Working with Nesbitt Burns, one of Canada’s best known advisory firms, Krueger has developed a strong sense of what is expected of her and the profession in general.
“Developing a meaningful relationship allows you to understand the needs and goals of each client, which ultimately allows us to employ the appropriate wealth management and accumulation tools each client needs to reach his or her financial objective,” she says.
Those relationships take time to develop, and clients don’t always act in their best interests. It is the advisor’s job, therefore, to apply cool-headed judgment when it comes to financial planning.
“Investors as a whole can be emotional and tend to follow the crowd; when volatility spikes and markets dip, many investors react in fear,” Krueger says. “One of the most important, and at times the most challenging, aspects of the job is to remind clients of the long-term view and their objectives during periods of market volatility.”
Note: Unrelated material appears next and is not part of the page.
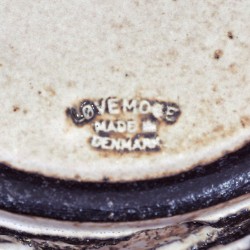 Szamotowa paterka Lovemose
If a young advisor can provide such service, they will have every chance to succeed in this industry. And, as Krueger explains, advisory firms have an important role to play in ensuring the talent well doesn’t run dry.
“Wealth management is an industry that is consolidating,” she says. “Firms need to understand that young and old opinions are equally important to clients. I think wealth management teams need to consider the importance of renewed talent and continue hiring young advisors.”